■ **Exercise**
Only the lines from the one containing "Piotrków Trybunalski, Jedności" through the one containing "Vibrant Summer Fruits" should be printed, exactly as they appear below, with both ends included.
::: Supplied entries
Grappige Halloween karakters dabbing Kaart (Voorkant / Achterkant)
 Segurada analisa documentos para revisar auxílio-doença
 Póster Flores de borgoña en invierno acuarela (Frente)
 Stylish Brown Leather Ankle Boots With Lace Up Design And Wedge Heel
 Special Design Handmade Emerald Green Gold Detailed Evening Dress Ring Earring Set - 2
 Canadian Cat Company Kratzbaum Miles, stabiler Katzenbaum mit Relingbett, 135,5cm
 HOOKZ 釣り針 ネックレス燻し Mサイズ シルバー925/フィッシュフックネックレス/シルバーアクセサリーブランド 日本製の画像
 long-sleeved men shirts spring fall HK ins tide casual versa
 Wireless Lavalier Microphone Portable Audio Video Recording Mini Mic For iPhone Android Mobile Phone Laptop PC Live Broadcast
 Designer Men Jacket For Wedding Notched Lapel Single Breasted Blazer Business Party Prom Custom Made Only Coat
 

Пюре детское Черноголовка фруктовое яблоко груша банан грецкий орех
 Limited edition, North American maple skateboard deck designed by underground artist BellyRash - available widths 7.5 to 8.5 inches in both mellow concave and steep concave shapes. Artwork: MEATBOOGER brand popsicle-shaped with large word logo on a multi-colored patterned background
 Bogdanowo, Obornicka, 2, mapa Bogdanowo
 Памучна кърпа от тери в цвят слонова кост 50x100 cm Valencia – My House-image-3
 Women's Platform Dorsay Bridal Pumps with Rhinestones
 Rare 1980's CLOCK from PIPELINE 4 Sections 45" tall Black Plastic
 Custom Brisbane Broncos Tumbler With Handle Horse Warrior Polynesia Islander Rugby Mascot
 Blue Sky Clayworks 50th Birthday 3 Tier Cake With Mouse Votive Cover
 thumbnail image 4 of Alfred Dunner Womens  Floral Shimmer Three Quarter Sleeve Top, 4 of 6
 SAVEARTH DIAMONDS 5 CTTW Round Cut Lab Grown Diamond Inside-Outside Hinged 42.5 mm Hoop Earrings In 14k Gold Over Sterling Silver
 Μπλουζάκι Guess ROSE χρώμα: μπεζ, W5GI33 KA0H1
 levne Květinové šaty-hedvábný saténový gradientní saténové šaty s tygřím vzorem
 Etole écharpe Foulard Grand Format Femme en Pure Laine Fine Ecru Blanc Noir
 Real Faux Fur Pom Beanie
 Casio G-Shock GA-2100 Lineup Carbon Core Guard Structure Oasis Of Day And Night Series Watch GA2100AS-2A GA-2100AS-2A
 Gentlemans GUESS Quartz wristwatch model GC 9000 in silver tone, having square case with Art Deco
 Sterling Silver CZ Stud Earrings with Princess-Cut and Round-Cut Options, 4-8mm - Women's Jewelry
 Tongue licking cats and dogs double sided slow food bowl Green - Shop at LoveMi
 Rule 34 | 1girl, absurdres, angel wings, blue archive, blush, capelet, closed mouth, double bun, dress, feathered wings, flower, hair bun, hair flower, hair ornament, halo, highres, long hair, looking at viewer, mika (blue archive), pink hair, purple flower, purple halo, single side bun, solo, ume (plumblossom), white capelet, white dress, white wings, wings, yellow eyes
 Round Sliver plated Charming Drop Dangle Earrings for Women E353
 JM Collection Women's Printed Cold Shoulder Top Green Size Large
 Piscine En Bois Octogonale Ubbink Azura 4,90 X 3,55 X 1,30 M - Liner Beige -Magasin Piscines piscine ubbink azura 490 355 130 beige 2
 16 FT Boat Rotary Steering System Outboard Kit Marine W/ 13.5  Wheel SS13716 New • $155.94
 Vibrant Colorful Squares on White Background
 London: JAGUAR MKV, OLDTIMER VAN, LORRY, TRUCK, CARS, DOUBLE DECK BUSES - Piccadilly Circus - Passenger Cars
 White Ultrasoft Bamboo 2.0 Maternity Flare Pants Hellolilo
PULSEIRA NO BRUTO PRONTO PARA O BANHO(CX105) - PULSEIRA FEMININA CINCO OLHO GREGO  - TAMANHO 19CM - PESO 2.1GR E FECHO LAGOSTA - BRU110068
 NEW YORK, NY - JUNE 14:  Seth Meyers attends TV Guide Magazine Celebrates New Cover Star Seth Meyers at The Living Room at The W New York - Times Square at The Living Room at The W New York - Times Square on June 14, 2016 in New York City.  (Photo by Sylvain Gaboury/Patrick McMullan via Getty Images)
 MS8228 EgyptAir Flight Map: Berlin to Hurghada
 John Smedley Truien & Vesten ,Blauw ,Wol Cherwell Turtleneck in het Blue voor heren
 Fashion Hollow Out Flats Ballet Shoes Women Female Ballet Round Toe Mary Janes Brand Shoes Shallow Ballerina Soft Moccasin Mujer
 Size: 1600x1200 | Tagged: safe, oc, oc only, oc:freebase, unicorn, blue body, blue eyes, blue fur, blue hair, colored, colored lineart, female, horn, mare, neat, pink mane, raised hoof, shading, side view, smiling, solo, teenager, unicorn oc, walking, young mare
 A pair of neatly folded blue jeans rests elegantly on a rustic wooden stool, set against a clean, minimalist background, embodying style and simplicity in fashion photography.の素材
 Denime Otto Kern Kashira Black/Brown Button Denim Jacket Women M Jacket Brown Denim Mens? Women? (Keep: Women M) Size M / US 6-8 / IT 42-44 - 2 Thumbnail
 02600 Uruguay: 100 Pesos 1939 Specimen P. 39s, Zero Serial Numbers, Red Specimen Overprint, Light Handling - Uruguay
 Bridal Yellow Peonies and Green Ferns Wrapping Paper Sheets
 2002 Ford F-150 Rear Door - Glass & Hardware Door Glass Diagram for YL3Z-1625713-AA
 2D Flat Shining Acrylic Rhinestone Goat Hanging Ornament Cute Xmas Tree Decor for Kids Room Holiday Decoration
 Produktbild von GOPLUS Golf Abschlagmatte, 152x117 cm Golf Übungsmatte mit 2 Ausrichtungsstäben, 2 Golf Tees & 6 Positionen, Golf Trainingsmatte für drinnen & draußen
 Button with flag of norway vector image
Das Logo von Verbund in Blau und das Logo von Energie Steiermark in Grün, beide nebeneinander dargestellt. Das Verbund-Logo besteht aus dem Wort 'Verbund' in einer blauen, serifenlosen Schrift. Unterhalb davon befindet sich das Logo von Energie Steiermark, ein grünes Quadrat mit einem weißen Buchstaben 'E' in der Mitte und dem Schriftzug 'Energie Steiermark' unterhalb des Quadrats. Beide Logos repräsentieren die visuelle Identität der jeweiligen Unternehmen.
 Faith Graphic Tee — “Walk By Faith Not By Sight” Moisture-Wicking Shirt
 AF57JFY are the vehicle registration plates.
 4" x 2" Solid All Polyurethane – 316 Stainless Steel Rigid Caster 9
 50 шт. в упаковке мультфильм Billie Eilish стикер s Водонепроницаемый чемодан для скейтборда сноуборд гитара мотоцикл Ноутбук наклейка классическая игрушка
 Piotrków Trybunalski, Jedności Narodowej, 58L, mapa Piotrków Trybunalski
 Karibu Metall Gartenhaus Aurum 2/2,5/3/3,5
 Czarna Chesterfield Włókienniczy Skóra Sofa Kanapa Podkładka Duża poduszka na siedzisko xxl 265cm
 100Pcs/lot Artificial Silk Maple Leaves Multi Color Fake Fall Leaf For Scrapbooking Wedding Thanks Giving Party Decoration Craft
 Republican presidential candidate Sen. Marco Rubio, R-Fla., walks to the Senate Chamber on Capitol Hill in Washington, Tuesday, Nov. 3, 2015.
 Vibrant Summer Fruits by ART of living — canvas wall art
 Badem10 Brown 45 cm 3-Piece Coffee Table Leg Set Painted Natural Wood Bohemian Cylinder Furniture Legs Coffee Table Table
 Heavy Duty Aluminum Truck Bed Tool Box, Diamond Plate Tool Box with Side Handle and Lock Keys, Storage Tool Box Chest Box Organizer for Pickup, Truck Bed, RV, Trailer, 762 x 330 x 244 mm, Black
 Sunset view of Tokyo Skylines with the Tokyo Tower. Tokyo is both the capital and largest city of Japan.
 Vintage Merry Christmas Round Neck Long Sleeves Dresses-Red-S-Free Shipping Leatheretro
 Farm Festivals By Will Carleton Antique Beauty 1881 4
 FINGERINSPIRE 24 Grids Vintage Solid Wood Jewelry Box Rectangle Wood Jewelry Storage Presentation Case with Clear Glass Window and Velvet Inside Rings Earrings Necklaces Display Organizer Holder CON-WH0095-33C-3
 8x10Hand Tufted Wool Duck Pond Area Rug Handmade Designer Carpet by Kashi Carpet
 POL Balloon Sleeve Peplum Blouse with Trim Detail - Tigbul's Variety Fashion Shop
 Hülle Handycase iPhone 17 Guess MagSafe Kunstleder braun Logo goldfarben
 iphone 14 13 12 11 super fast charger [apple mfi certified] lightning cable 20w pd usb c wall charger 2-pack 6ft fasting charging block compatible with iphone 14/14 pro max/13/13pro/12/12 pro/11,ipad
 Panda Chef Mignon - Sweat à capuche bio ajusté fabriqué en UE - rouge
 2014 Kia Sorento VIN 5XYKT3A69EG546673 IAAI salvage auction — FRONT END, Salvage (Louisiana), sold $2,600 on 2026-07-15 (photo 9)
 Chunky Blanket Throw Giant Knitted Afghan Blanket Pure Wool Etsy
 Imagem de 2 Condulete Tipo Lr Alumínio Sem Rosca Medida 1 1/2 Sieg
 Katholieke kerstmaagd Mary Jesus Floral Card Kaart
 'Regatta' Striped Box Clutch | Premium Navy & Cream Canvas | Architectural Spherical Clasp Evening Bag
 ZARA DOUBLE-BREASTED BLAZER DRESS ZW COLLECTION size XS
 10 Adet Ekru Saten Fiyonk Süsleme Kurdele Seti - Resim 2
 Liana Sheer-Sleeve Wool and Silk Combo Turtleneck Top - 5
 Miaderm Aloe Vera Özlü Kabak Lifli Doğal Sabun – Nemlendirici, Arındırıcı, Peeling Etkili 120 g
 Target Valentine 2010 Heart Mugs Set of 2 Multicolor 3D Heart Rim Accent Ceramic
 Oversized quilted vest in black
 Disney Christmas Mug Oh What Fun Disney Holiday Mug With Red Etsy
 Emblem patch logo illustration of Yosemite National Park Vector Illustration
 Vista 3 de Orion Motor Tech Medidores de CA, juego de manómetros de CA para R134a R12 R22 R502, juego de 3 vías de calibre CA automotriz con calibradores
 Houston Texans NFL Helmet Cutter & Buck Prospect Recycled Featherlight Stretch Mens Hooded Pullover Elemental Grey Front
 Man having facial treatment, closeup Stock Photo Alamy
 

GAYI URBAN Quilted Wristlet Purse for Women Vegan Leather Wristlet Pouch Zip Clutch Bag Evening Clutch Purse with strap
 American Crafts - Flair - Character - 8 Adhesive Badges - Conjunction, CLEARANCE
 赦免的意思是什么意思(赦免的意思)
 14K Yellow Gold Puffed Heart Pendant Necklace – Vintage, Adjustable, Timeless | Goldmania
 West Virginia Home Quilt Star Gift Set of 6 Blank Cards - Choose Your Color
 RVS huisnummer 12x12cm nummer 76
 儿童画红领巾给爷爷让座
::::::
■ **Response to this exercise**
 Piotrków Trybunalski, Jedności Narodowej, 58L, mapa Piotrków Trybunalski
 Karibu Metall Gartenhaus Aurum 2/2,5/3/3,5
 Czarna Chesterfield Włókienniczy Skóra Sofa Kanapa Podkładka Duża poduszka na siedzisko xxl 265cm
 100Pcs/lot Artificial Silk Maple Leaves Multi Color Fake Fall Leaf For Scrapbooking Wedding Thanks Giving Party Decoration Craft
 Republican presidential candidate Sen. Marco Rubio, R-Fla., walks to the Senate Chamber on Capitol Hill in Washington, Tuesday, Nov. 3, 2015.
 Vibrant Summer Fruits by ART of living — canvas wall art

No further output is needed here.